To set up the Revolution Anchor:
- Lay out and account for all pieces in the structure: one (1) top ring, one (1) bottom ring, one (1) center anchor pole, six (6) 3-rung miniature Spine anchors, two (2) 8-point stationary anchors, and one (1) swiveling 8-point top anchor. Some small components are also included.
- Loosen the screws on each clamp around the circumference of each ring.
- The difference between the bottom and the top ring is that the top ring also has a clamp in the center of it along with the ones around it. Loosen this screw as well.
- Lay the bottom ring flat on the ground with the holes facing up, and place each of the six miniature Spines into each hole with the anchor rings facing outward.
- Take the top ring and secure it onto the Spines by pushing each Spine shaft through a corresponding hole.
- Make sure when placing the top ring that the crossbar is aligned parallel to the crossbar on the bottom ring.
- Using the Allen wrench supplied to you in the setup, tighten the clasps on the top and bottom for each Spine.
- Ensure that each clasp is tightened at an equal height.
- With the main body set up, take the center pole and two washers, one standard size and one thin one. On the end with a narrow point sticking out, place the stand washer on first, followed by the thin washer.
- Place the swiveling anchor on top of both washers, then secure it by adding the second standard washer, then tightening on the black bolt.
- To ensure your swiveling anchor can move freely, once you’ve fully tightened the bolt, loosen it roughly two full rotations to take the pressure off the swivel.
- Take your two stationary anchor rings and loosen the clasps on each, then slide them up the pole from the bottom. Once in place, tighten the clasps with the Allen wrench.

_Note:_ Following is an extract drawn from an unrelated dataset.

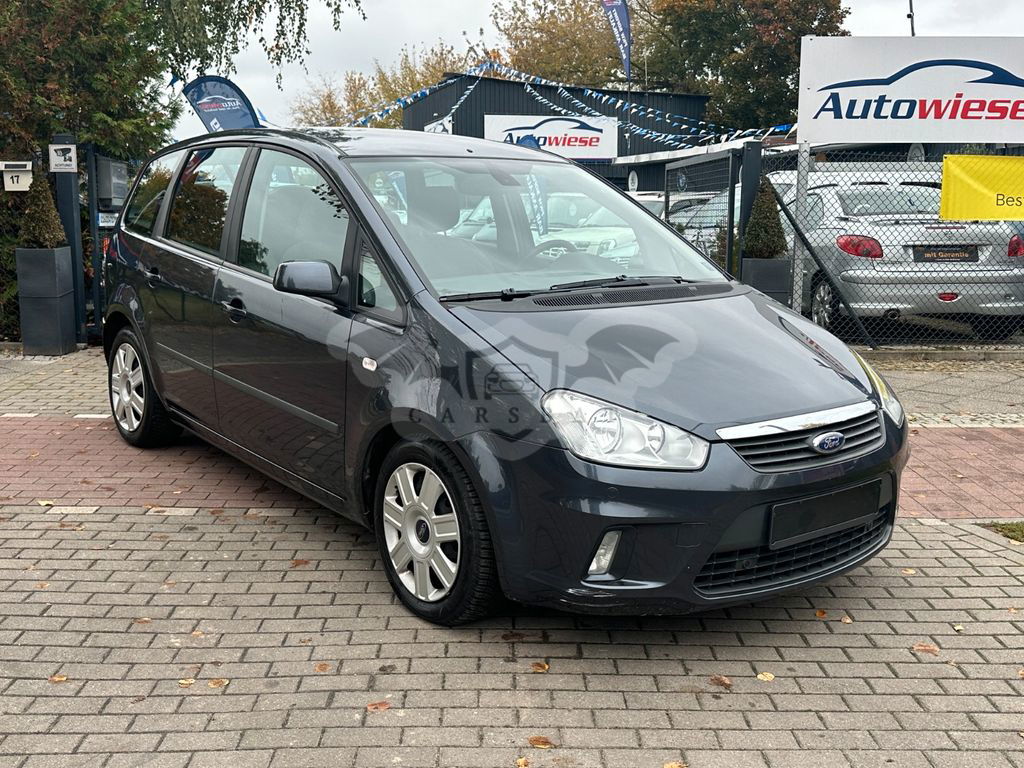 Ford C-Max 2008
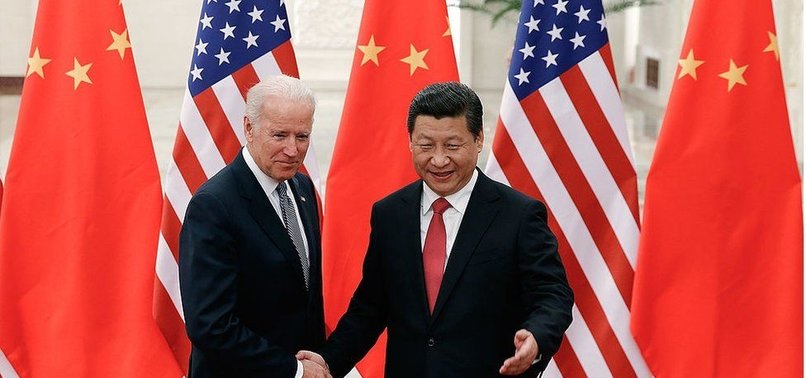 WHITE HOUSE SAYS BIDEN, CHINA’S XI MAY TALK IN COMING WEEKS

- When doing this step, note that the clasps are meant to be on the bottom side of the anchor ring when attaching to the pole.
- Once on the pole, the stationary rings and the swivel ring should be roughly 8-10 inches apart from each other.
- Both the base and pole of the Revolution Anchor are now assembled. Prior to combining the two, weigh down the anchor by placing weight plates of your own supply and choosing in the center of the base, aligning the middle of each plate with the center clasp on the bottom ring.
- With the plates in place, take the center pole with your multi-point anchors and slide it from the top through the hole in the top crossbar, and nestle it into the center of the plates and the bottom crossbar.
- Use the Allen wrench to tighten the clasp on the top crossbar around the center pole until it is locked in place.
- Give one last check on each clasp with the Allen wrench over the whole structure to ensure that it’s as tight as it should be, and then you’re done.
The main thing that separates the Revolution Anchor from other anchor types is just how many people can get in on the action at once. The multi-point anchoring system comfortably allows up to eight users at once.
How does that work in practice? The Revolution Anchor serves as the centerpoint of your fitness space with your workout partners and clients all around it. Don’t worry about hogging your space for other exercises later on since removing it is just a matter of tipping it over and rolling it away.
With a full workout group of six or more people, your clients and fitness partners will work as a team to move together. Using the swiveling anchor ring, users can add more range of motion by circling the Revolution Anchor as a group.
When you have multiple users working together on the Revolution Anchor, it’s best to have the users do their exercises together. Unified movements in sync with other users will keep the Revolution Anchor the most balanced as it resists tension from opposite directions.